● **WHAT THE TASK ASKS**:
Leave out the pictures and retype, exactly, the lines below from the line with "Where is the" up to and including the line with "C20orf43 Antibody in Flow Cytometry (Flow)", nothing more.
··········
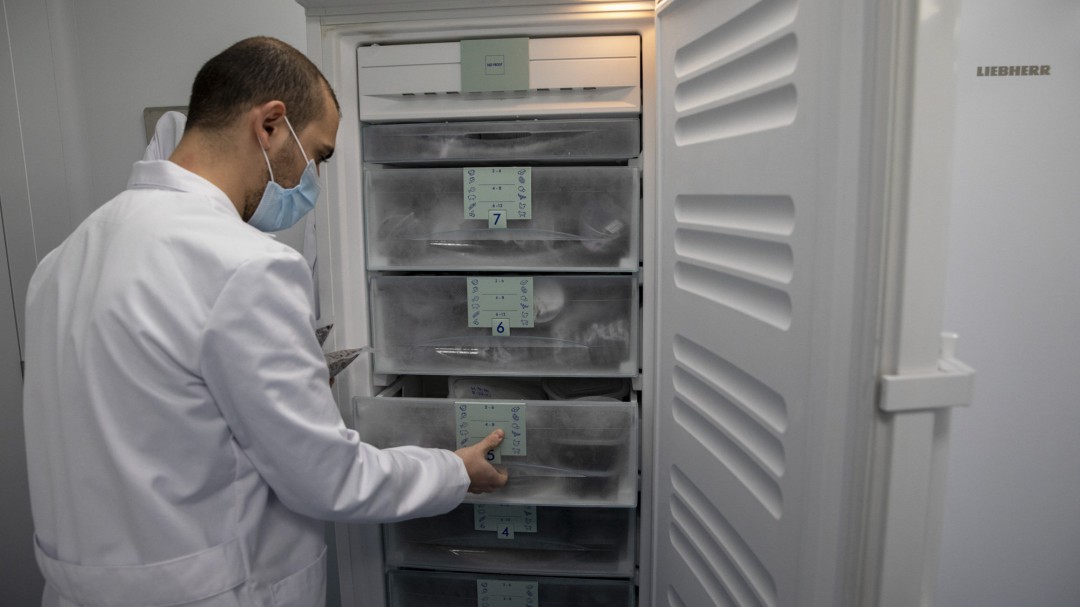 Un ensayo en el Reino Unido infectará por primera vez el coronavirus a un grupo de voluntarios sanos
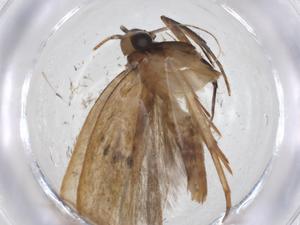  ( - CBG-A15441-D11)  @11 [ ] CreativeCommons - Attribution Share - Alike (2023) Centre for Biodiversity Genomics Centre for Biodiversity Genomics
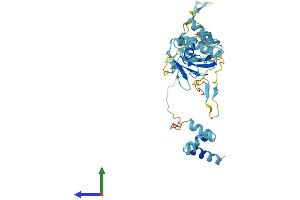 AlphaFold protein structure predicition of Mouse Recombinant Nsfl1c Protein, UniprotID Q9CZ44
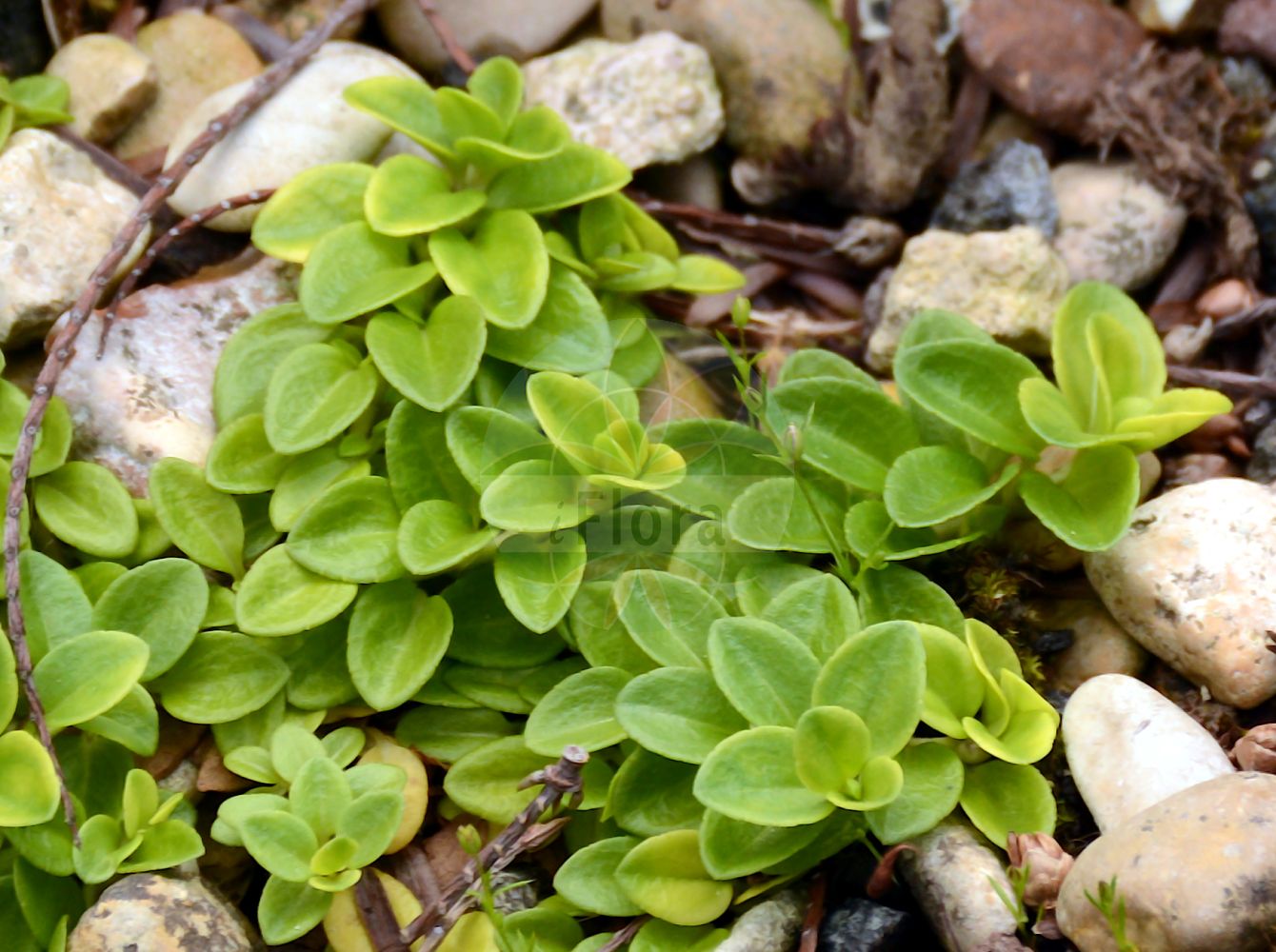 Foto von Veronica serpyllifolia (Thymian-Ehrenpreis - Thyme-leaved Speedwell). Das Foto wurde in Jardin des Plantes, Paris, Frankreich aufgenommen. ---- Photo of Veronica serpyllifolia (Thymian-Ehrenpreis - Thyme-leaved Speedwell). The picture was taken in Jardin des Plantes, Paris, France.(Veronica serpyllifolia,Thymian-Ehrenpreis,Thyme-leaved Speedwell,Veronica serpyllifolia,Veronicastrum serpyllifolium,Thymian-Ehrenpreis,Niederliegender Thymian-Ehrenpreis,Quendel-Ehrenpreis,Thyme-leaved Speedwell,Thymeleaf Speedwell,Turf Speedwell,Veronica,Ehrenpreis,Speedwell,Plantaginaceae,Wegerichgewächse,Plantain family)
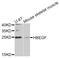 Heparin Binding EGF Like Growth Factor antibody, abx006691, Abbexa, Western Blot image 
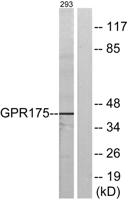 GPR175 Polyclonal Antibody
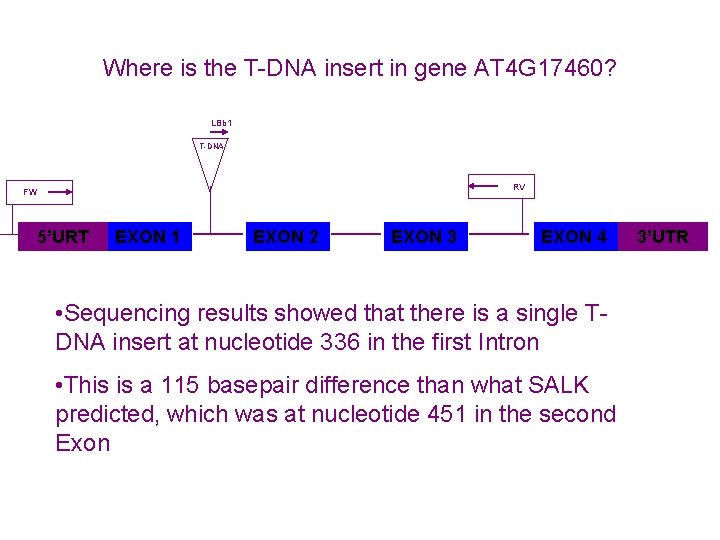 Where is the T-DNA insert in gene AT 4 G 17460? LBb 1 T-DNA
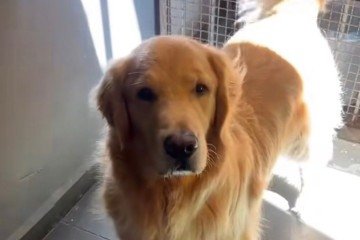 Vídeo do cachorro Abel viraliza nas redes sociais  -  (crédito: Reprodução/Instagram/@louisetaila)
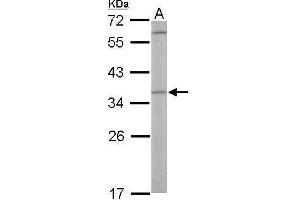 WB Image Sample (50 ug of whole cell lysate) A: Mouse liver 12% SDS PAGE antibody diluted at 1:500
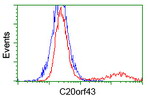 C20orf43 Antibody in Flow Cytometry (Flow)
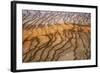 Thermophile bacterial mats at hotspring, Grand Prismatic Spring, Midway Geyser Basin, Yellowstone-Bill Coster-Framed Photographic Print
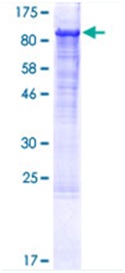 SDS-PAGE - Recombinant Human Integrin beta 1 protein (GST tag N-Terminus) (AB114157)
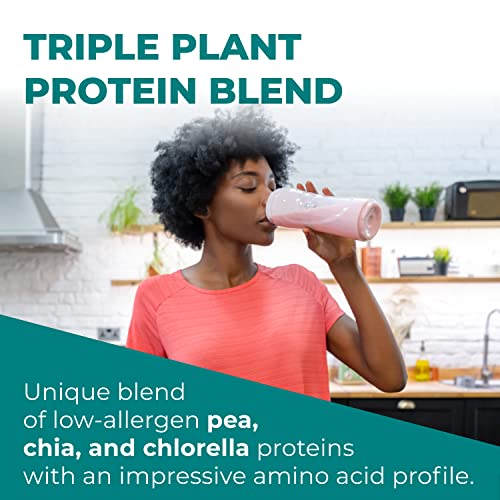 Reignite Wellness By Jj Virgin Chocolate Plant Based All In 1 Shake - Chia, Chlorella, Pea Protein Powder - Contains Essential Vitamins & Probiotic Blend To Support Immunity + Gut Health (15 Servings) #TOP2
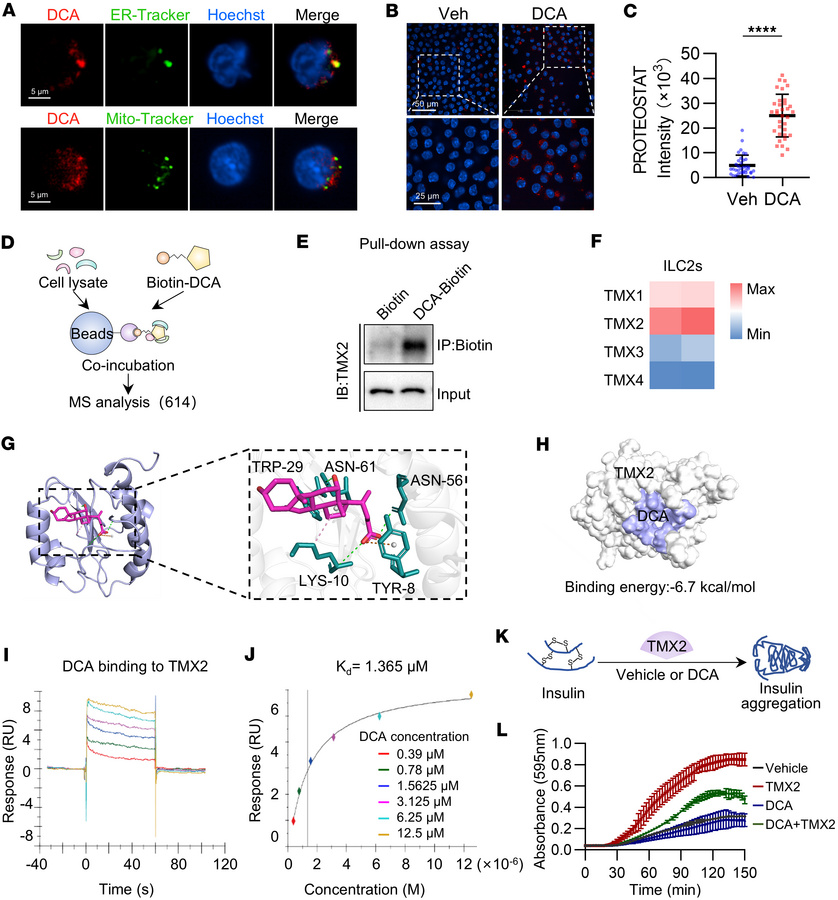 DCA disrupts protein folding in ILC2s by binding to TMX2 in the ER.
(A) ...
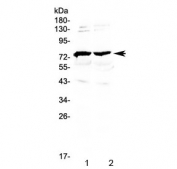 Western blot testing of 1) mouse brain and 2) rat brain lysate with GAS6 antibody at 0.5ug/ml. Predicted molecular weight ~80 kDa.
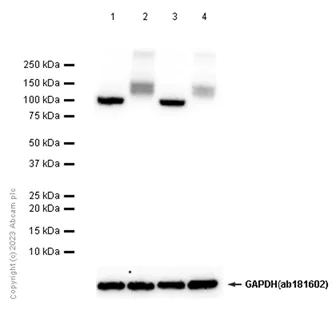 Western blot - Anti-ATP1A2 antibody [EPR11896(B)] (AB166888)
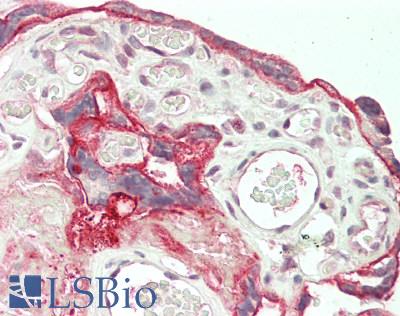 NT5E / eNT / CD73 Antibody - Human Placenta: Formalin-Fixed, Paraffin-Embedded (FFPE)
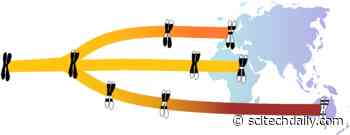 Neanderthal Genes Reveal How Old Our Ancestors Were When They Had Children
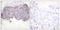 Lipase E, Hormone Sensitive Type antibody, LS-C199084, Lifespan Biosciences, Immunohistochemistry paraffin image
··········
● **RESULT**:
 Where is the T-DNA insert in gene AT 4 G 17460? LBb 1 T-DNA
 Vídeo do cachorro Abel viraliza nas redes sociais  -  (crédito: Reprodução/Instagram/@louisetaila)
 WB Image Sample (50 ug of whole cell lysate) A: Mouse liver 12% SDS PAGE antibody diluted at 1:500
 C20orf43 Antibody in Flow Cytometry (Flow)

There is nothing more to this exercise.